In cryptography, it is common to consider the entropy of a generator as the unknown input to that generator. It would be equivalent to the seed or key for a RNG. So for a common AES-128 counter based CSPRNG, the entropy would be 128 bits. The output distribution is irrelevant where cryptographic entropy is concerned, although most RNGs in their original forms do produce uniform output. They would be difficult to use for encryption otherwise.
So the Mersenne Twister(MT) has high entropy.
Ish. It starts out high with an entropy of 19,937 bits for the common 32 bit implementation. However MT is invertable and the state can be discovered by looking at sufficient output. Observing 624 output words from MT allows the internal state to be discovered. Consequently the entropy reduces by 32 bits per output word, reaching zero after 624 outputs. Any subsequent output is entirely predictable. The leftover hash lemma applies to MT outputs less than 624 words, when it would be acting as a very inefficient randomness extractor.

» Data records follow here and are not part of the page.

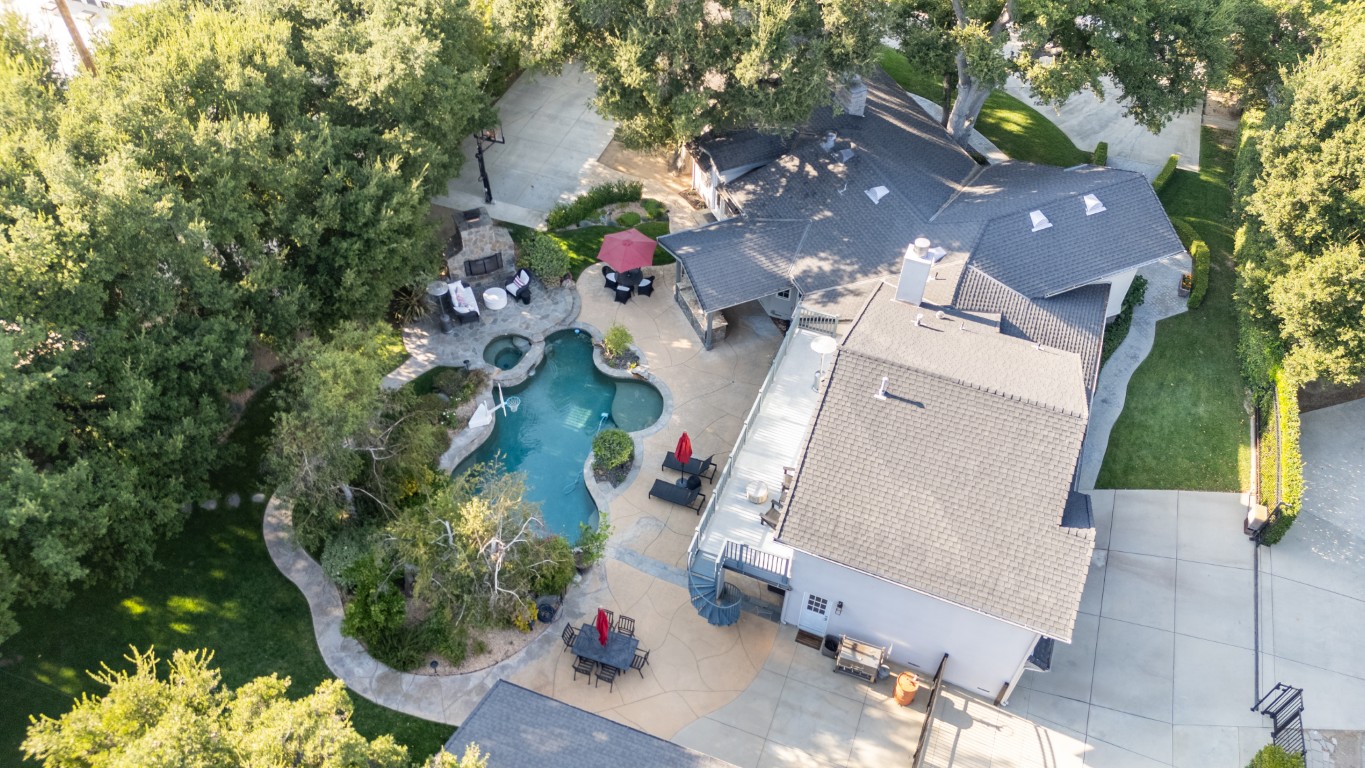 SOLD AND CLOSED! 23410 Maple St. Santa Clarita, CA | Rod McIntosh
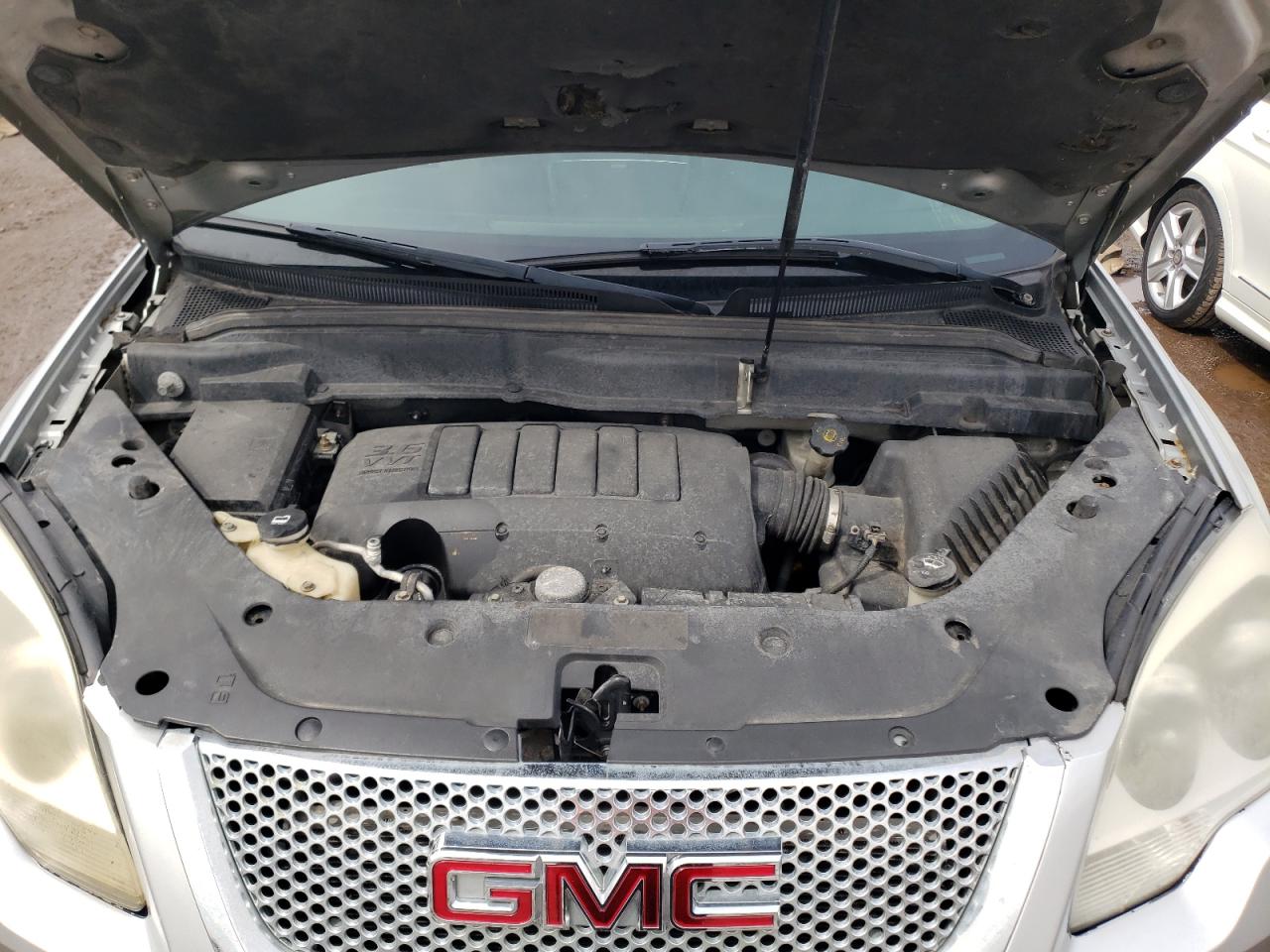 Photo 7 from auction – 2012 GMC ACADIA SLT with VIN 1GKKRRED9CJ120672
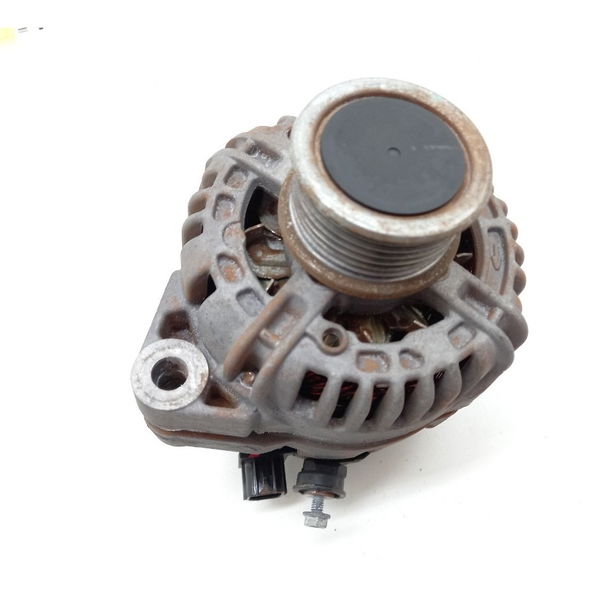 Alternador Toyota Hilux 2014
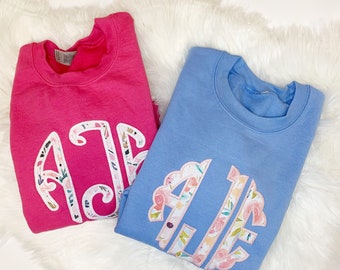 Womens Monogram Sweatshirt, Monogrammed Sweatshirt for Women, Personalized Womens Sweatshirt, Applique Sweatshirt for Women, Custom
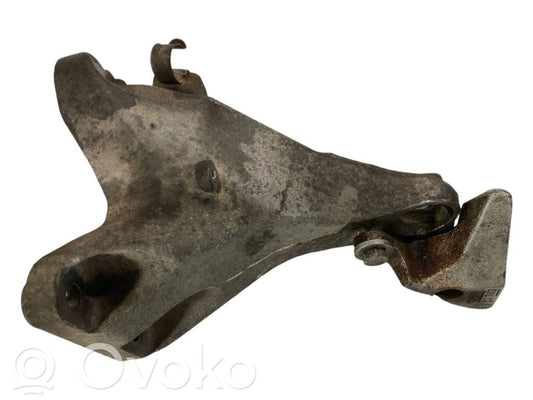 Engine mounting bracket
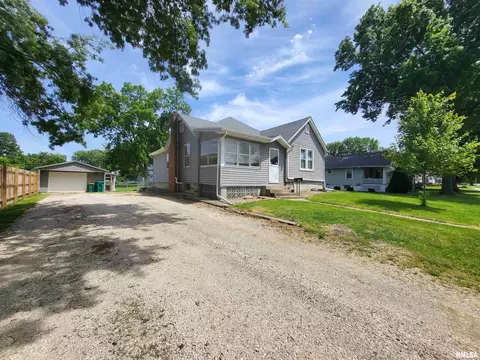 949 Day St, Galesburg, IL 61401
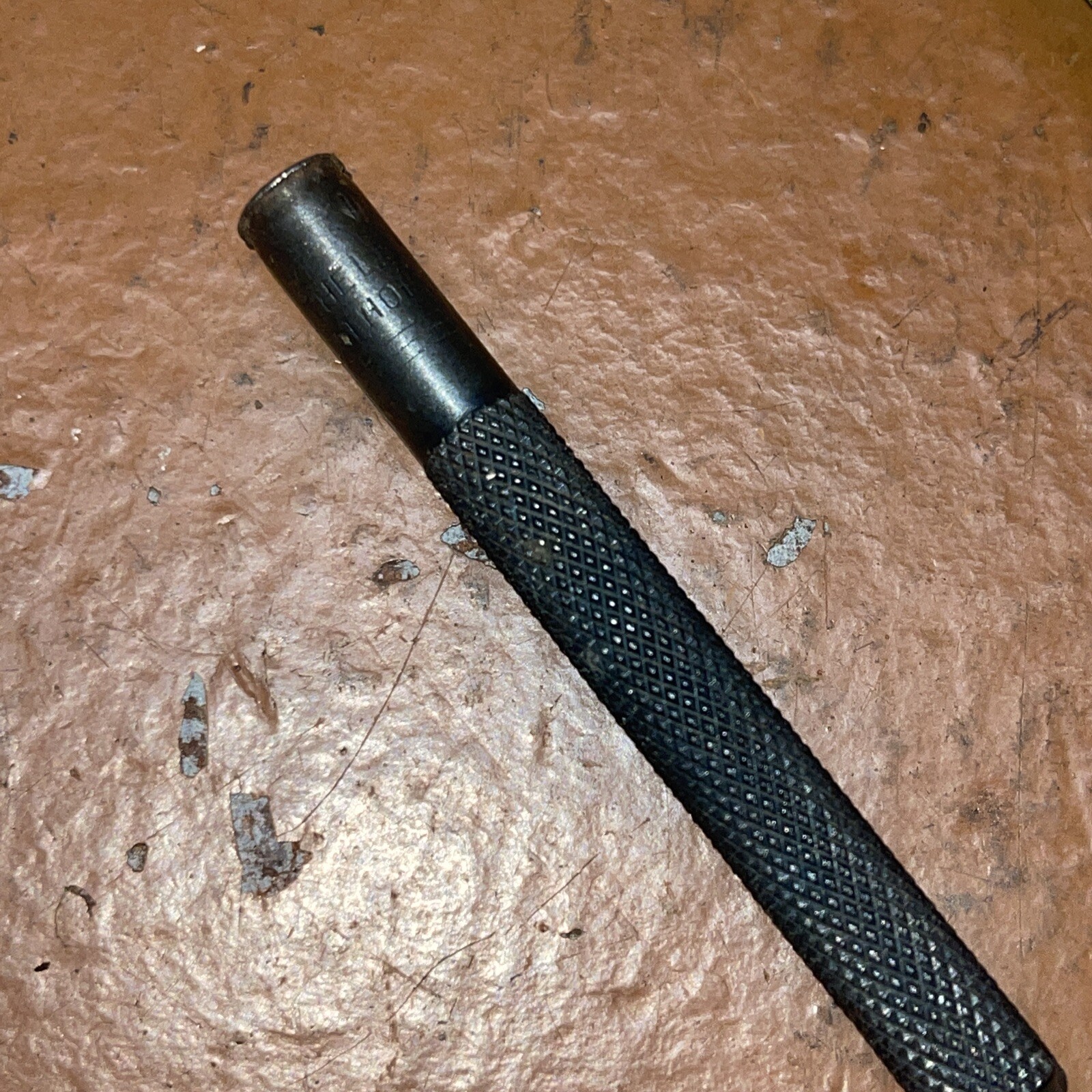 Vintage LS Starrett USA 1/8 In tip 4 Inch Long stubby Short punch Knurled Grip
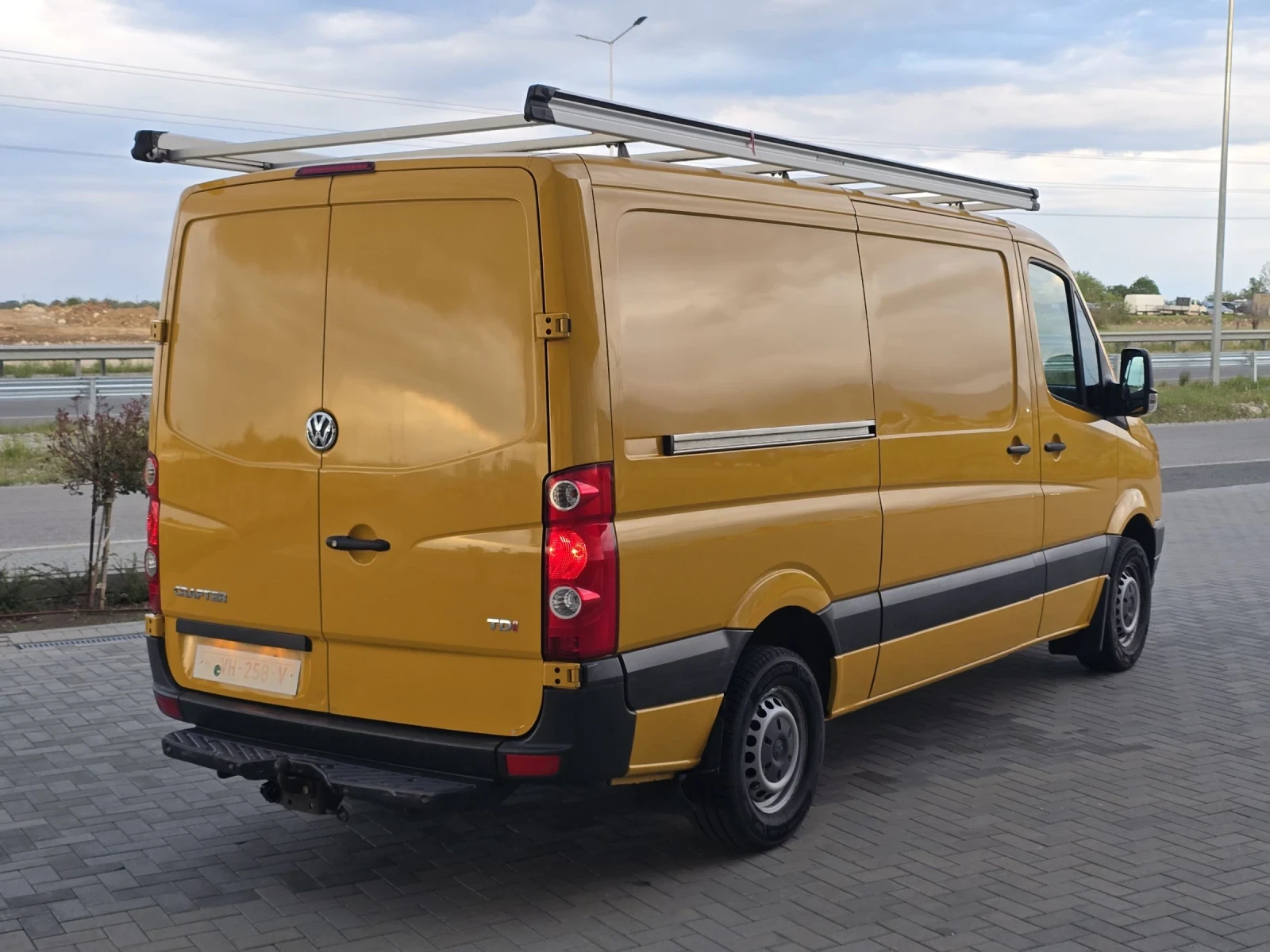 VW Crafter 2.0TDi - изображение 7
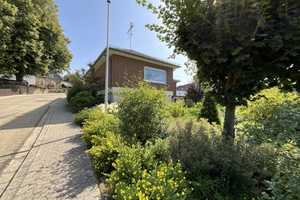 Winkelbungalow mit Einliegerwohnung und Doppelgarage in toller Lage.  – Mayen-Koblenz (Kreis) – Vorschaubild 4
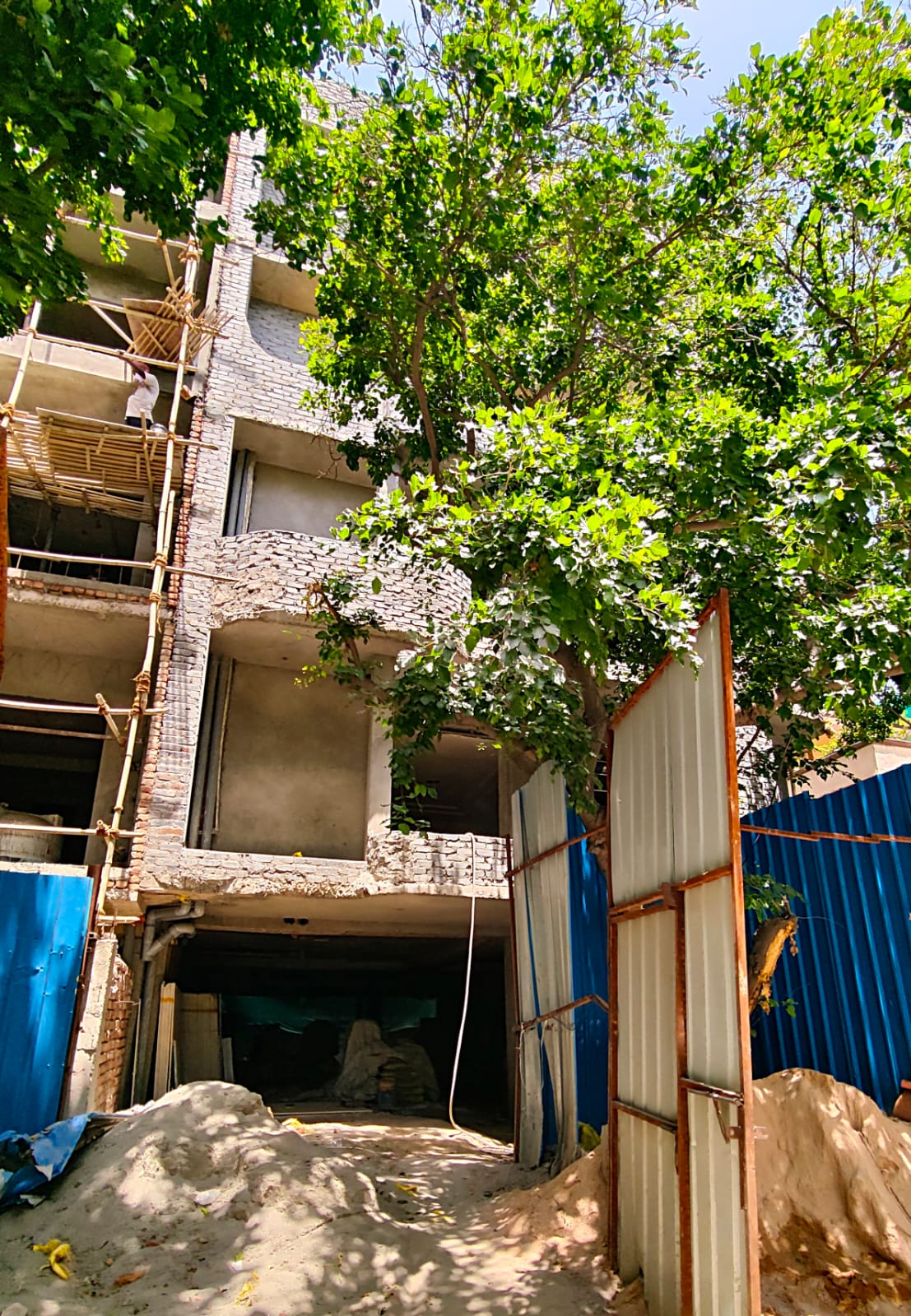 DLF Phase 2, Block P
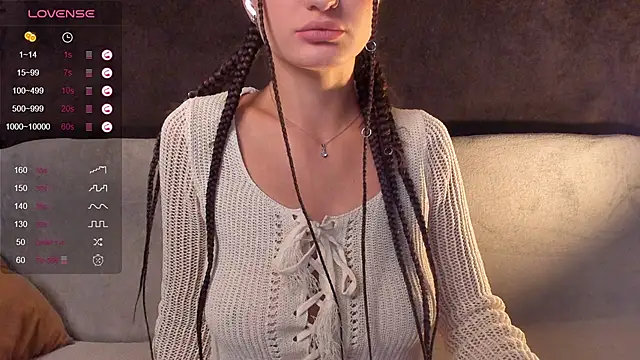 Snapshot of VickiRoom chatting on February 1, 8:47 pm VickiRoom online show from February 1, 8:47 pm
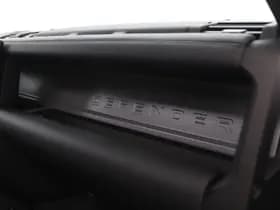 Land Rover Defender thumbnail 49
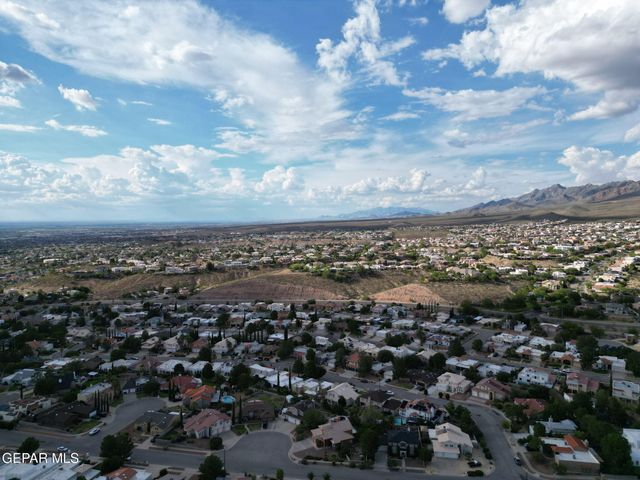6443 LOMA DE CRISTO Drive, El Paso, TX 79912
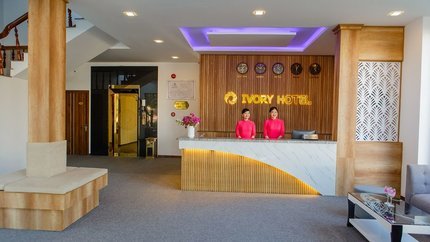 Quầy lễ tân khách sạn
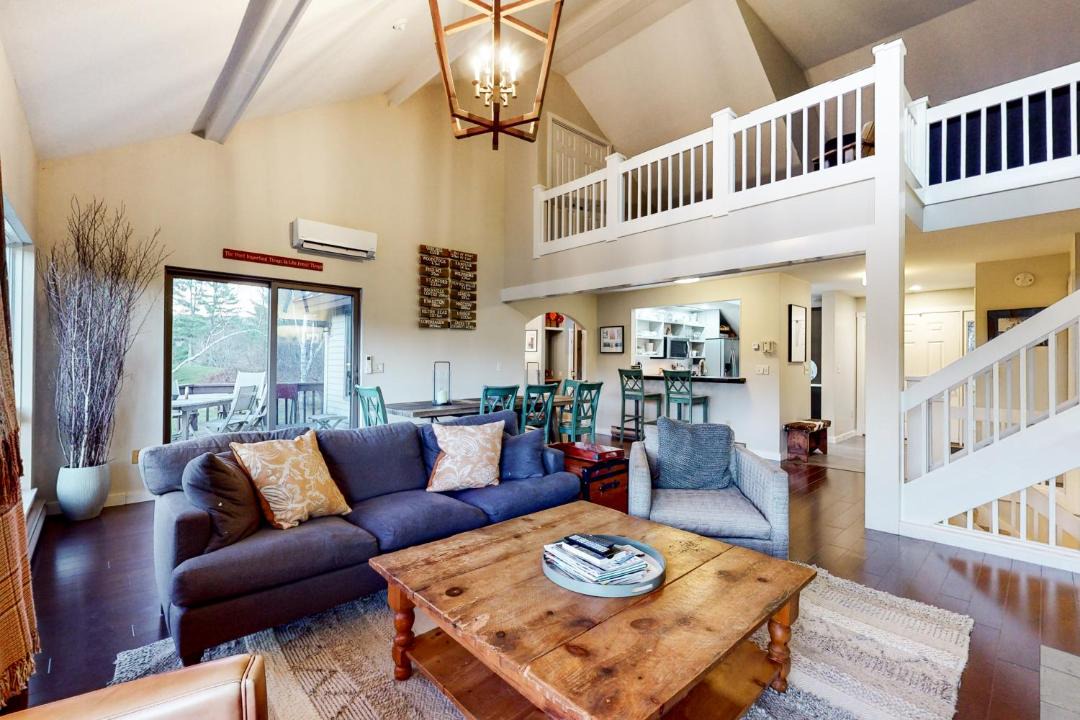 Photo of Livingroom in West Hartford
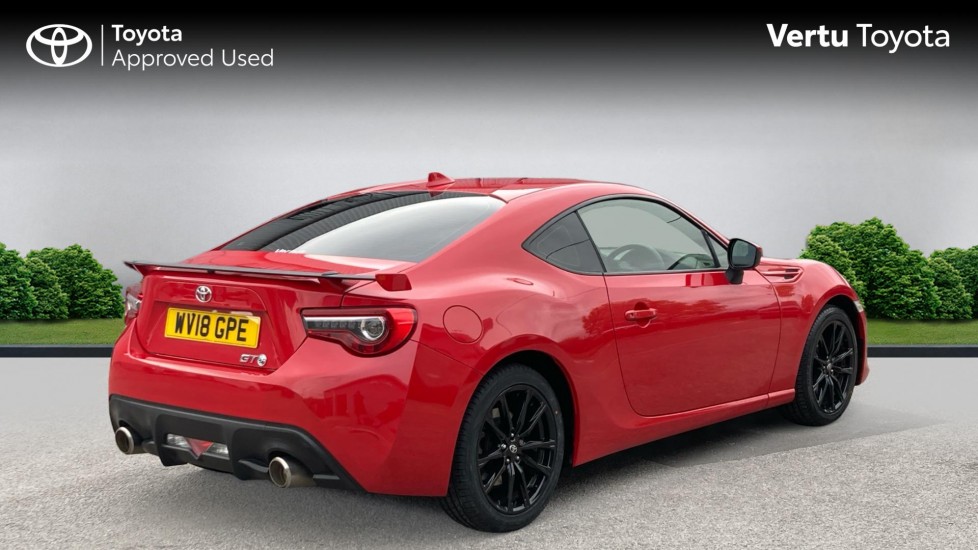 Toyota GT86 2.0 D-4S Pro 2dr Petrol Coupe - Image 2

What's the relationship between entropy and predictability?
In cryptography generally, entropy = unpredictability = surprisal. That is necessary for seeding RNGs and creating keys. A cryptographer strives for unpredictable RNG sequences and unknown keys. A CSPRNG cannot be inverted, the seed/key cannot be recovered and thus the entropy, unpredictability and surprisal of output is preserved no matter the length of said output.